Exercise goal:
Would you return exactly the lines below from the line with "Used Audi Q5L" through the line with "ILA SWIM White", both included, and nothing else, leaving out the pictures?

Data extracts:
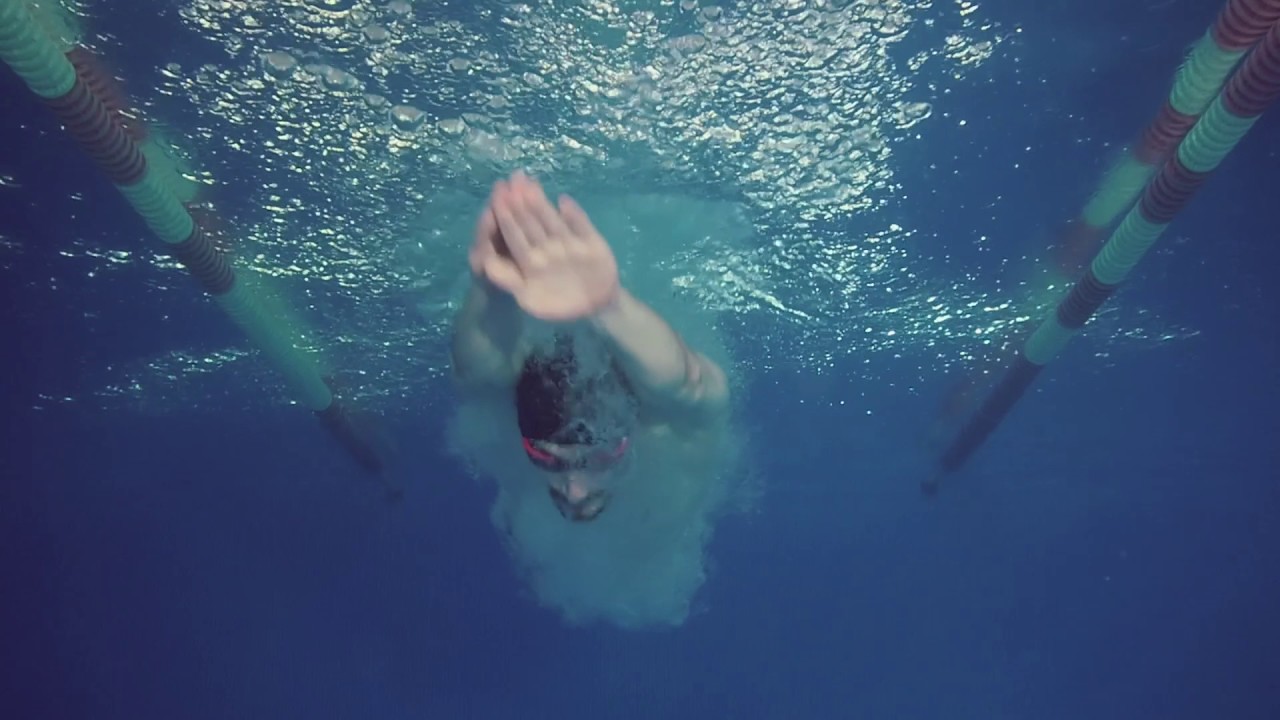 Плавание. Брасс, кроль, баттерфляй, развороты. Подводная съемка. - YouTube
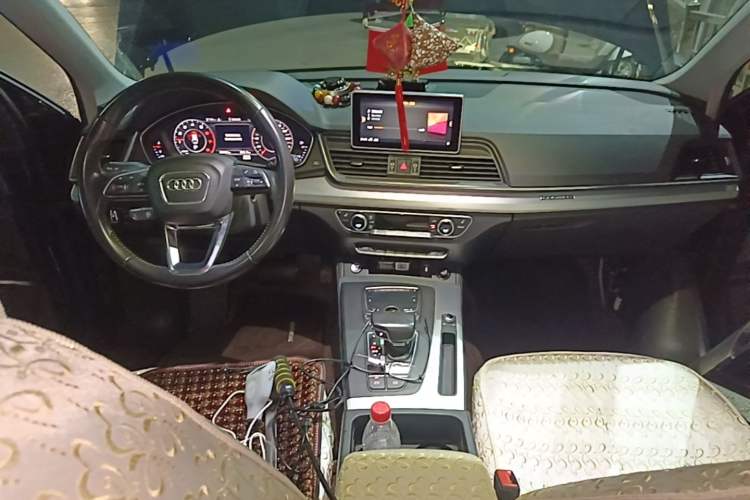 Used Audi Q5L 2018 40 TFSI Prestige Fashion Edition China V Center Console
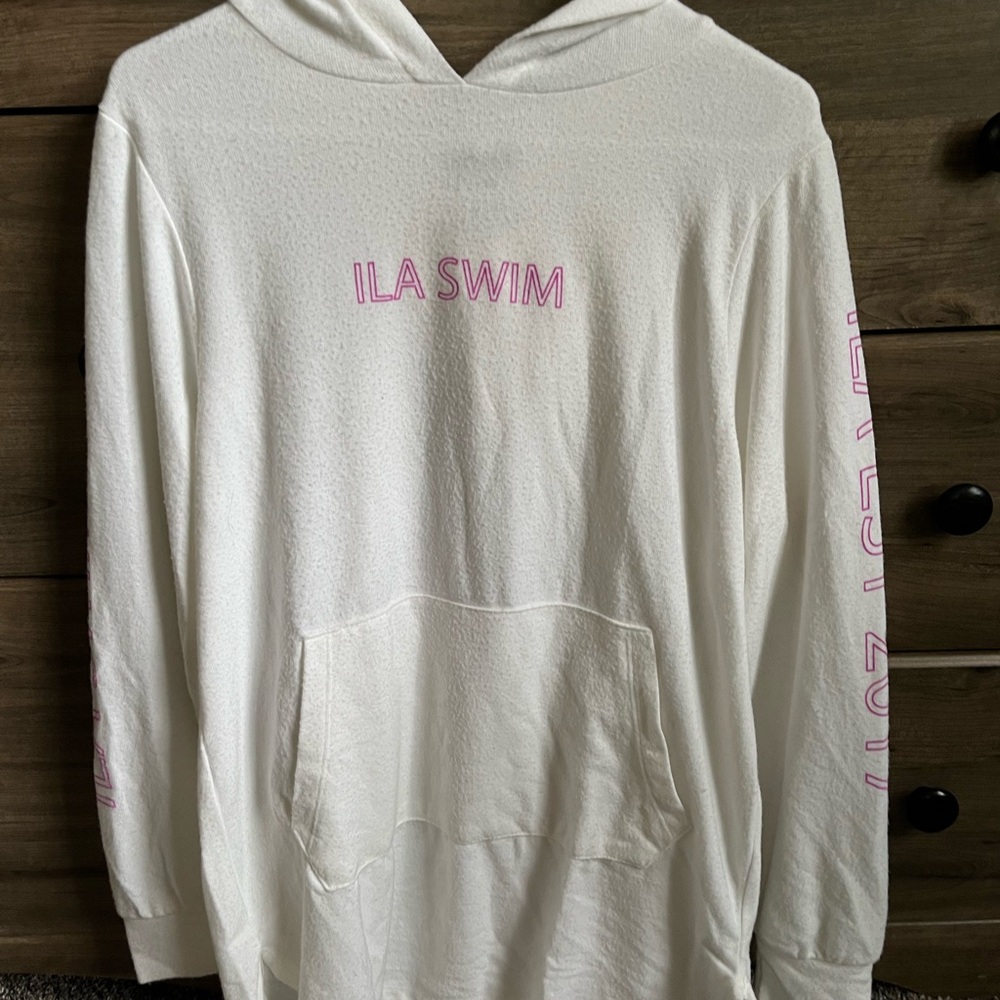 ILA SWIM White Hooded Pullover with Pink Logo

---

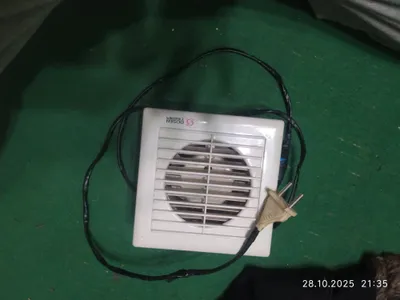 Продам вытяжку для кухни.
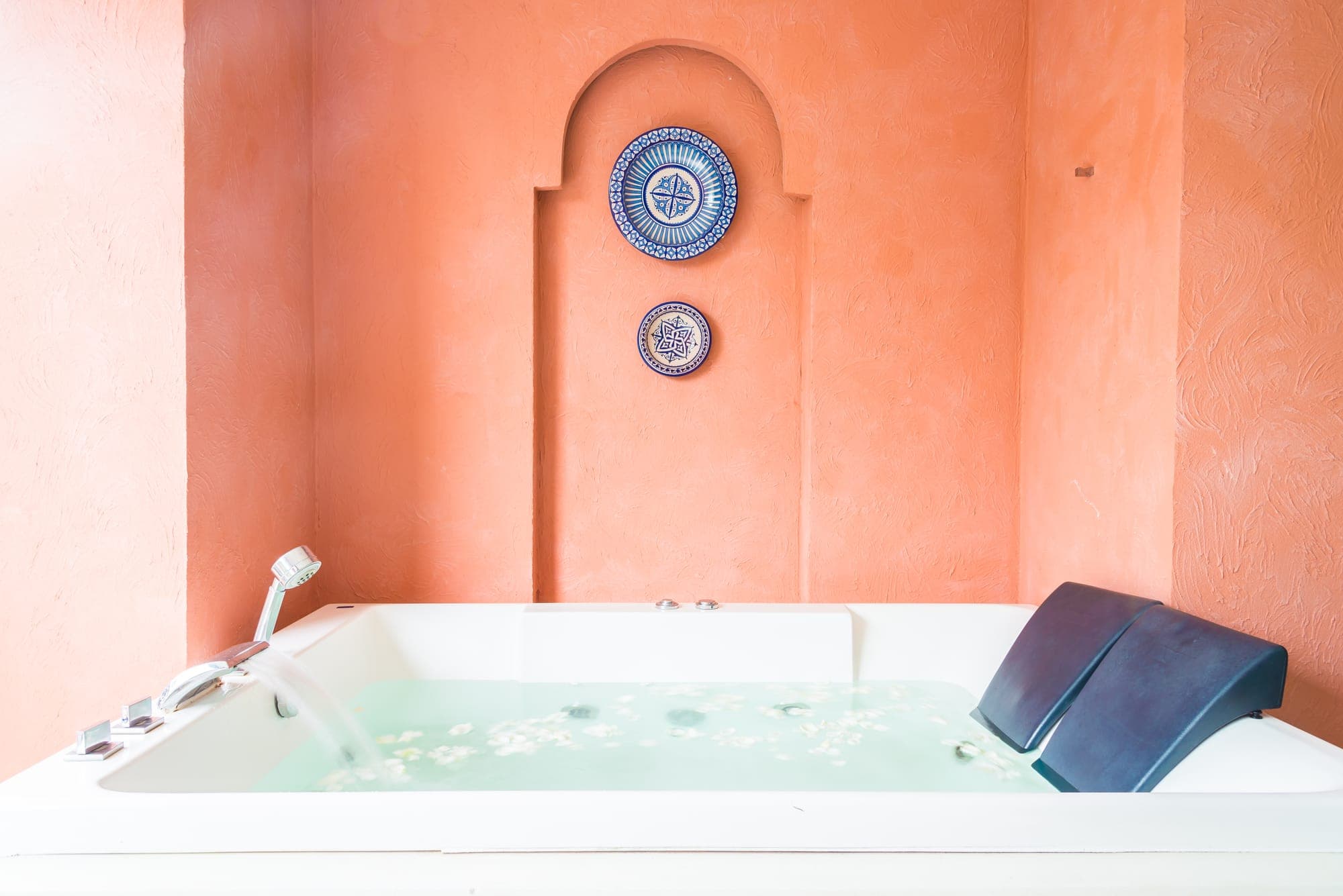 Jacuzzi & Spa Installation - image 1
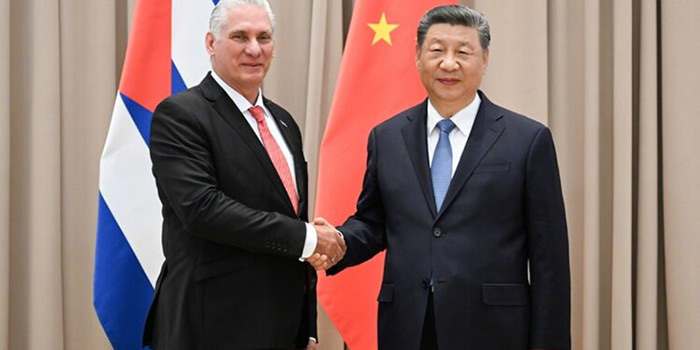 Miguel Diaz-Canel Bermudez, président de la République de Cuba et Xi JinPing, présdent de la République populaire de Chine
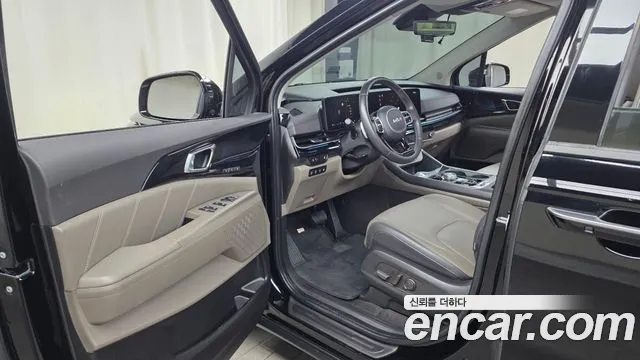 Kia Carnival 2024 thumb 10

* * *

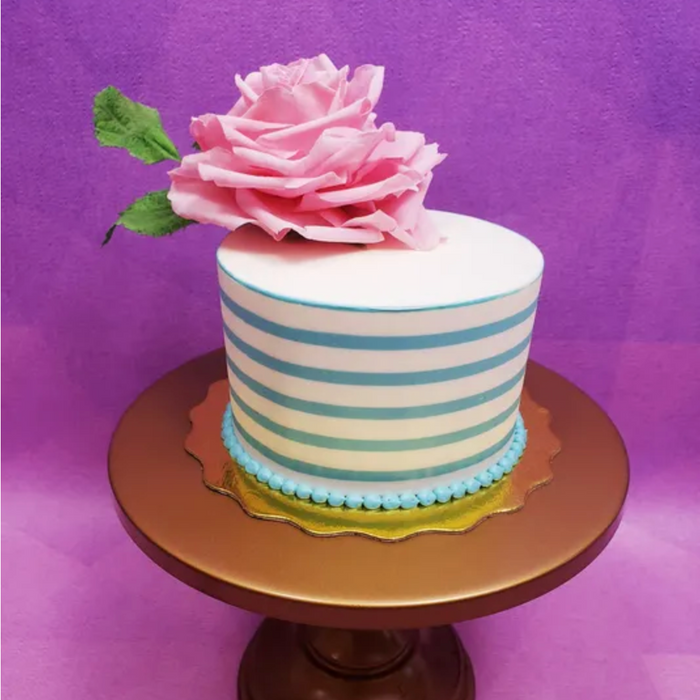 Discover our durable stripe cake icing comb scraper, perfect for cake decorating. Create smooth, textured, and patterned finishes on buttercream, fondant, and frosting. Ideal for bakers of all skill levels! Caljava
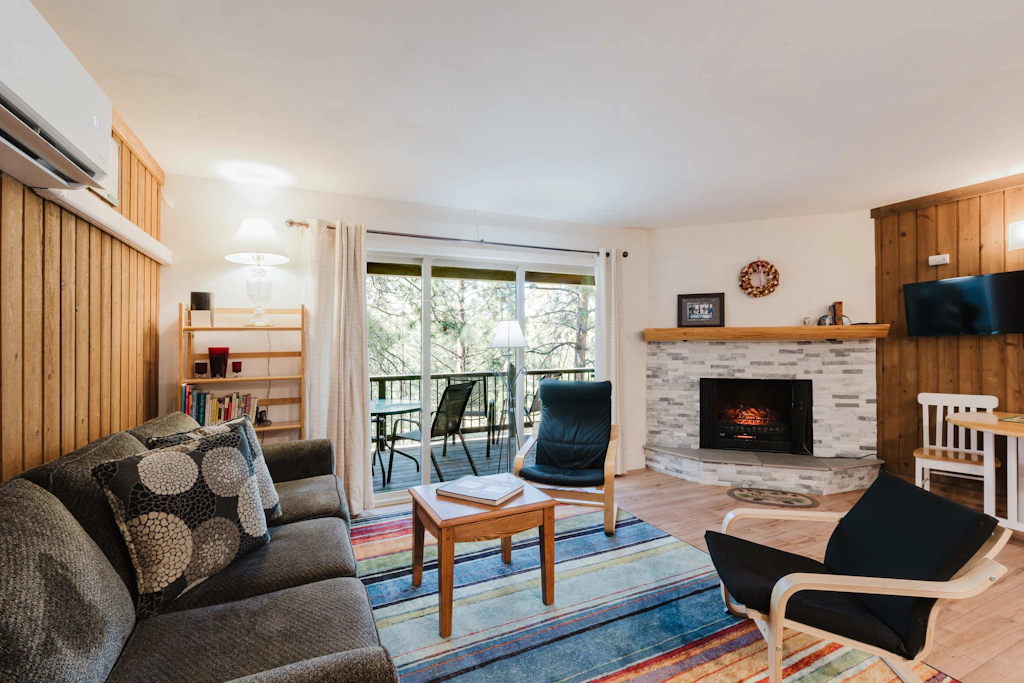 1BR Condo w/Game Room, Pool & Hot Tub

Output:
 Used Audi Q5L 2018 40 TFSI Prestige Fashion Edition China V Center Console
 ILA SWIM White Hooded Pullover with Pink Logo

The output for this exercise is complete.